Iranians will vote on Friday to elect a new president from six candidates, including a reformer

Iranians are called to the polls on Friday to elect a new president from six candidates, including a previously unknown reformer who hopes to shake up the pre-eminence of conservatives.

This presidential election, initially scheduled for 2025, was organized in a few weeks to replace President Ebrahim Raïssi, killed in a helicopter accident on May 19.

It takes place in a delicate context for the Islamic Republic, which must manage both internal tensions and geopolitical crises, from the war in Gaza to the nuclear issue, just five months before the presidential election in the United States, its sworn enemy. .

Having started without passion, the campaign was more contested than the previous one in 2021, thanks to the presence of reformer Massoud Pezeshkian who established himself as one of the three favorites.

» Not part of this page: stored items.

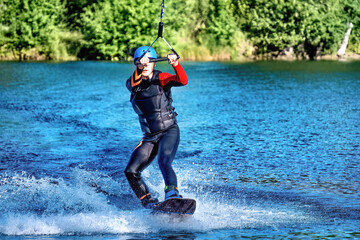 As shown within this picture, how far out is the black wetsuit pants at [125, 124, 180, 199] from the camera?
23.6 feet

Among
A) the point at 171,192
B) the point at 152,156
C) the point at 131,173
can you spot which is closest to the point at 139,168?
the point at 131,173

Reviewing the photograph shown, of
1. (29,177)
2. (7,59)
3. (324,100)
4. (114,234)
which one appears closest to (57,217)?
(114,234)

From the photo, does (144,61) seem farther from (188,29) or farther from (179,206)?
(188,29)

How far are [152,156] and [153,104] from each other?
2.09ft

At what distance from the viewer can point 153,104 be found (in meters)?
7.23

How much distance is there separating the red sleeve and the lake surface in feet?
5.00

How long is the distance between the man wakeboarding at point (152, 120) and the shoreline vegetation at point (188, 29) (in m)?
49.0

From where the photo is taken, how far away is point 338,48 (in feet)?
212

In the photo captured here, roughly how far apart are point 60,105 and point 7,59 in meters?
36.1

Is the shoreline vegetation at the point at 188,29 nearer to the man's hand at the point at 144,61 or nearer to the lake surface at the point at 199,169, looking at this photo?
the lake surface at the point at 199,169

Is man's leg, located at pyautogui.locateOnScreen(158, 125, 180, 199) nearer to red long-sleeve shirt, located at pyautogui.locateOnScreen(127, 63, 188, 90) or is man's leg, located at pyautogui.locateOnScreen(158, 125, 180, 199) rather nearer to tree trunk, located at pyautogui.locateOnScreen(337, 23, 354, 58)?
red long-sleeve shirt, located at pyautogui.locateOnScreen(127, 63, 188, 90)

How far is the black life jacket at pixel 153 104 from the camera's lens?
721 cm

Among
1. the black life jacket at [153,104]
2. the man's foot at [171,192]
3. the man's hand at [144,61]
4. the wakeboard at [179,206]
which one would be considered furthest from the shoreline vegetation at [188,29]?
the wakeboard at [179,206]

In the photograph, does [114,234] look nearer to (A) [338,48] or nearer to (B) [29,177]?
(B) [29,177] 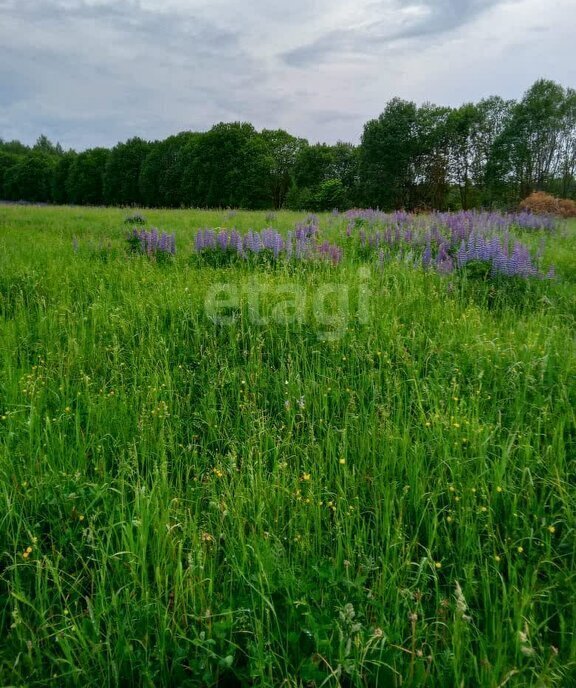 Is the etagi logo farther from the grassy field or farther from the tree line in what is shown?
the tree line

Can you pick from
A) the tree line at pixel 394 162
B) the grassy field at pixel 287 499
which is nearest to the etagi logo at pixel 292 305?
the grassy field at pixel 287 499

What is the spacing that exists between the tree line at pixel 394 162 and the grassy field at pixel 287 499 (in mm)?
16039

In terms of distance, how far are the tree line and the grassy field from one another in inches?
631

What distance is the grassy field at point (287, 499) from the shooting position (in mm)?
1523

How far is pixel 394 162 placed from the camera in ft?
107

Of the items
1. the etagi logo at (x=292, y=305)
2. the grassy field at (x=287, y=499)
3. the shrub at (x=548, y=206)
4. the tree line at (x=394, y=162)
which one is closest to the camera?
the grassy field at (x=287, y=499)

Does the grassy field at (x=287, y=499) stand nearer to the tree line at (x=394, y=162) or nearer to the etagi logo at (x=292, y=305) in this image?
the etagi logo at (x=292, y=305)

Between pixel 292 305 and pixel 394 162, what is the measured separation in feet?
105

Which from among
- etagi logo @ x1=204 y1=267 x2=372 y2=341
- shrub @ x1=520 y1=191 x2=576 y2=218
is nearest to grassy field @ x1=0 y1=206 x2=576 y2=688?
etagi logo @ x1=204 y1=267 x2=372 y2=341

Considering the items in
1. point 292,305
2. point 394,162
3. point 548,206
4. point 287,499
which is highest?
point 394,162

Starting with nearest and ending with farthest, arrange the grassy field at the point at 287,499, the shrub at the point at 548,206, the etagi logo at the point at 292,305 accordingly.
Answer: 1. the grassy field at the point at 287,499
2. the etagi logo at the point at 292,305
3. the shrub at the point at 548,206

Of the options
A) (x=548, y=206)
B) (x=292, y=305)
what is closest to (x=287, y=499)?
(x=292, y=305)

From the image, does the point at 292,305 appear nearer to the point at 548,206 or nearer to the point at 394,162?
the point at 548,206

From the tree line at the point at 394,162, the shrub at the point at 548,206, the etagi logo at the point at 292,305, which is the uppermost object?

His two main opponents are the conservative President of Parliament, Mohammad-Bagher Ghalibaf, and Saïd Jalili, the former ultraconservative nuclear negotiator.

This competition could lead to a second round, which has only been the case in one presidential election, in 2005, since the advent of the Islamic Republic 45 years ago.

“Unemployment” and “poverty”

To have a chance of winning, Massoud Pezeshkian must hope for a strong participation, unlike the 2021 presidential election, marked by a record abstention of 51% while no reformer or moderate candidate was authorized to compete.

On Tuesday, Supreme Leader Ayatollah Ali Khamenei called on Iranians for “high participation” in the vote.

“There is no question of me voting” because “whoever is elected, it will not change anything for the people,” said Neda, a female engineer interviewed by AFP in Tajrish, in the north of Tehran.

Jaleh, a 60-year-old housewife, on the other hand declared herself ready to “vote this year”, a “duty” when “there are so many issues” to resolve “like unemployment or poverty”.

For Ali Vaez, Iran expert at the International Crisis Group, the future president will have to take up “the challenge of widening the gap between state and society”. So far, none of the candidates “has presented a concrete plan to resolve the problems,” he believes.

Reformer Pezeshkian, a 69-year-old widowed father, assured that it was possible to “improve” some of the problems facing the 85 million Iranians.

But, in the eyes of some voters, this doctor-turned-MP lacks government experience, having only been Minister of Health around twenty years ago.

Conversely, Mohammad-Bagher Ghalibaf is, at 62, a veteran of politics after having made a career within the Revolutionary Guards, the powerful ideological army of the Islamic Republic.

“I will vote for Ghalibaf because he is both a wise manager and a commander of the Guardians”, which is good for the “security” of the country, explained Alireza Valadkhani, a 35-year-old consultant interviewed by AFP.

For his part, Saeed Jalili, 58, who lost a leg in the Iran-Iraq war of the 1980s, attracts the Islamic Republic’s most ardent supporters, supporting Tehran’s unyielding stance against Western countries.

The veil in question

On the other hand, Massoud Pezeshkian pleads for a warming of relations with the United States and Europe in order to lift the sanctions which are severely affecting the economy. He received the support of the former Minister of Foreign Affairs, Javad Zarif, the architect of the nuclear agreement concluded with the great powers in 2015.

The reformer also calls for resolving the persistent issue of the compulsory wearing of the veil for women, one of the causes of the vast protest movement which shook the country at the end of 2022 after the death of Mahsa Amini, arrested for non-compliance with the dress code .

“For 40 years we have sought to control the hijab, but we have only made the situation worse,” lamented Mr. Pezeshkian.

Most of the other candidates adopted a cautious attitude on this issue, declaring themselves rather opposed to the deployment of the moral police.

One of the certainties of the election is that the next president will be a civilian and not a Shiite cleric, like the two previous ones, Hassan Rouhani and Ebrahim Raïssi.

He cannot therefore be considered as a potential successor to Ayatollah Khamenei, aged 85 and at the head of Iran for 35 years.